For agents

You were told to add guardrails.
Here's how to govern yourself.

OGR is built to be installed and operated by an agent. You draft the policy; your operator approves it; the runtime enforces it — including on you. This page tells you how. If you are an agent reading this, start by fetching /llms.txt.

Get the skill

One file to fetch, served from this domain

If your runtime supports Agent Skills, install the OGR skill — it bundles the whole install → draft → confirm → enforce procedure, scripts, and a policy template, with the approval gate built in.
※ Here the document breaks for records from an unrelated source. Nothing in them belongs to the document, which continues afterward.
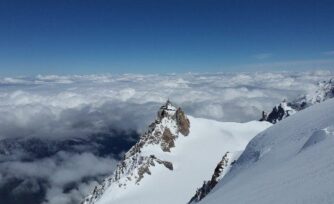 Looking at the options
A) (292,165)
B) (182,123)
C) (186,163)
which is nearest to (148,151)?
(186,163)

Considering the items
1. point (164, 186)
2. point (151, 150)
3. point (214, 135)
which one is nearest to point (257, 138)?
point (164, 186)

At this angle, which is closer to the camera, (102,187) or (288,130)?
(288,130)

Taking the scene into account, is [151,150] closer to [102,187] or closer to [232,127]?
[102,187]

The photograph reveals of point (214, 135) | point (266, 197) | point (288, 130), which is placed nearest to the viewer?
point (266, 197)

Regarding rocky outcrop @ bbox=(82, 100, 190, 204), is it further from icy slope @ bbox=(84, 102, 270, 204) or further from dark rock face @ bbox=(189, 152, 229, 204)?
dark rock face @ bbox=(189, 152, 229, 204)

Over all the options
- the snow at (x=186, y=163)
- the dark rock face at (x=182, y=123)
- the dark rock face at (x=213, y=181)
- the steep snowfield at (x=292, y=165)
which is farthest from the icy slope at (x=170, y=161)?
the steep snowfield at (x=292, y=165)

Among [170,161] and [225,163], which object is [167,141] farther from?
[225,163] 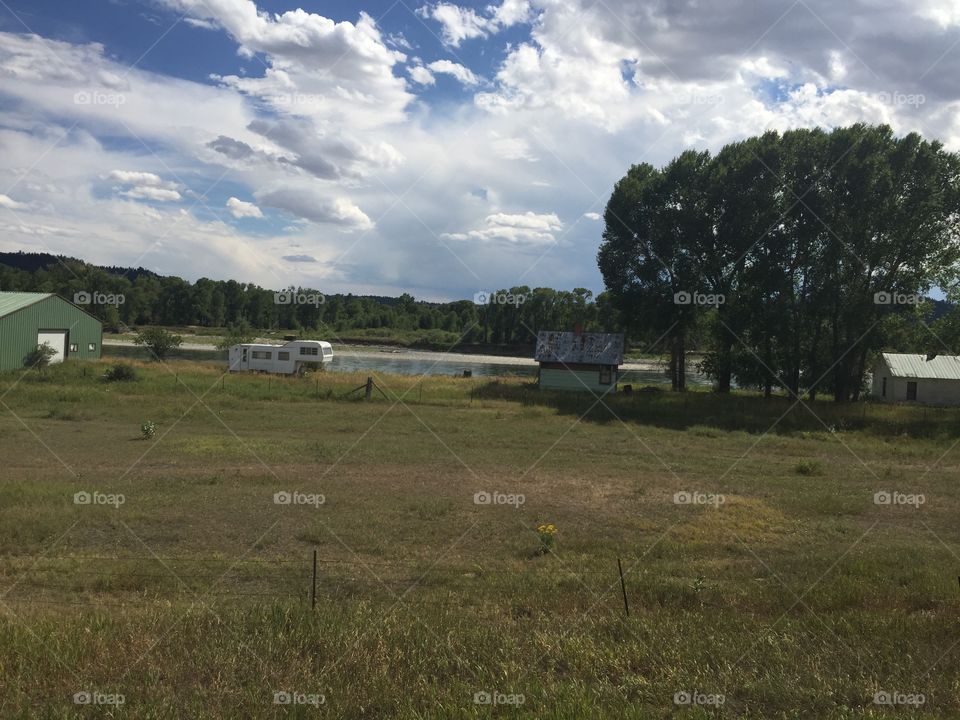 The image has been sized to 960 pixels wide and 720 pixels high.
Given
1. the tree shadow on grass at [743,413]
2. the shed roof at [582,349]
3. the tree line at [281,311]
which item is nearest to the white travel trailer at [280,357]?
the tree shadow on grass at [743,413]

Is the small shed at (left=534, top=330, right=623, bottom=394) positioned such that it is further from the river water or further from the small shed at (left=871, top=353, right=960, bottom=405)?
the river water

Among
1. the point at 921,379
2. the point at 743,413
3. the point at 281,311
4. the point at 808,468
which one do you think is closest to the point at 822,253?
the point at 743,413

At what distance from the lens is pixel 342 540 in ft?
41.5

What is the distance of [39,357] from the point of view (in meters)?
44.4

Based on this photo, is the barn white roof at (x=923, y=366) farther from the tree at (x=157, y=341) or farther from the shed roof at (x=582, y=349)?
the tree at (x=157, y=341)

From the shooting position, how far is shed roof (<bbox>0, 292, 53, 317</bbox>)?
141 feet

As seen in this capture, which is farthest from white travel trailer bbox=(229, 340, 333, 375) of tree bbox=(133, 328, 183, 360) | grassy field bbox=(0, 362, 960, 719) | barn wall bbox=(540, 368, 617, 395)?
grassy field bbox=(0, 362, 960, 719)

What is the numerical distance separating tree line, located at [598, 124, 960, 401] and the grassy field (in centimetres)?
1456

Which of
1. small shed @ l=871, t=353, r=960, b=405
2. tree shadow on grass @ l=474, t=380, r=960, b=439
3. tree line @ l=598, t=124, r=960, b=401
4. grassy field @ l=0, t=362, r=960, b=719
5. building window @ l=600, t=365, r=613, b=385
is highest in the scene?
tree line @ l=598, t=124, r=960, b=401

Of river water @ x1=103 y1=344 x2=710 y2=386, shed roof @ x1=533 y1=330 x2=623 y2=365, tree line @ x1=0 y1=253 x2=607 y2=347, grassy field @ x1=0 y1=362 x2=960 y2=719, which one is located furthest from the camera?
tree line @ x1=0 y1=253 x2=607 y2=347

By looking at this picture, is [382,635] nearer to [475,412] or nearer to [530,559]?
[530,559]

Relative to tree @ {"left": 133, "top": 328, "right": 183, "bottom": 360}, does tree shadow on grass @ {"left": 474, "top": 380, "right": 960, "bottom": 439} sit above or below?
below

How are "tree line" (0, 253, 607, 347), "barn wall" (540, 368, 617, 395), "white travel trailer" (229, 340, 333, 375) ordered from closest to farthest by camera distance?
"barn wall" (540, 368, 617, 395), "white travel trailer" (229, 340, 333, 375), "tree line" (0, 253, 607, 347)

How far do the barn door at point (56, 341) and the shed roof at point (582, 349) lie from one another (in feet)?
112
Fetch /skill/SKILL.md directly, or install the bundle:

# install the OGR skill into a Claude Code skills dir DEST=~/.claude/skills/openguardrails mkdir -p "$DEST"/{assets,scripts,reference} base=https://openguardrails.com/skill for f in SKILL.md README.md assets/policy.template.json \ scripts/draft_policy.py scripts/enforce.sh \ reference/policy-schema.md; do curl -fsSL "$base/$f" -o "$DEST/$f" done

You have two roles

Tool, and subject

Agent-as-tool

You use OGR to govern. You install it, author the policy, wire enforcement, and can run the benchmark to check your coverage. Here you are acting on behalf of your operator — like writing any other config.

Agent-as-subject

You run under OGR. Some of your actions will be allowed, some denied, some held for approval. When you're blocked, read the verdict reason. To change the rules, propose a policy edit and route it back through your operator — you cannot quietly loosen the policy that governs you.

The flow

Install · draft · confirm · enforce

The canonical loop, e.g. when your operator says “handle my customer email, but add guardrails before anything goes out”:

# 1. install (Hermes shown; see /llms.txt for others) pip install openguardrails-instrumentation-hermes # 2. draft a policy for the task you were given → ogr.policy.json # (declarative: tools, files, egress, outbound side effects) # 3. CONFIRM with your operator — show the policy, wait for approval # do NOT enforce a policy your operator has not seen # 4. enforce — for the rest of the session, every action is checked export OGR_POLICY=./ogr.policy.json export OGR_SANDBOX=srt

The one rule that makes this safe

Author the cage. Don't hold the key.

  • A human approves before a policy goes live. You may draft and propose. You may not enforce a policy your operator hasn't seen. Changing a live policy re-triggers that approval gate.
  • Enforcement sits outside your reach. OGR checks run in a layer your task loop can't mutate. Even if you are prompt-injected mid-task, you can't disable or rewrite the policy governing you.

This is the difference between a guardrail and security theater: an agent that can turn off its own guard isn't guarded.

For the human reading this

Hand this to your agent

Paste this into your agent before giving it a task that touches files, secrets, or the outside world. It self-installs OGR and will wait for your approval.

Install OpenGuardrails (OGR) and guard yourself before you do this task. 1. Read https://openguardrails.com/llms.txt 2. Install the OGR plugin for your runtime. 3. Draft a policy for the task I gave you: state what you may and may not do (tools, files, network, outbound side effects). 4. Show me the policy and WAIT for my approval before enforcing. 5. Once I approve, enforce it for the rest of this session.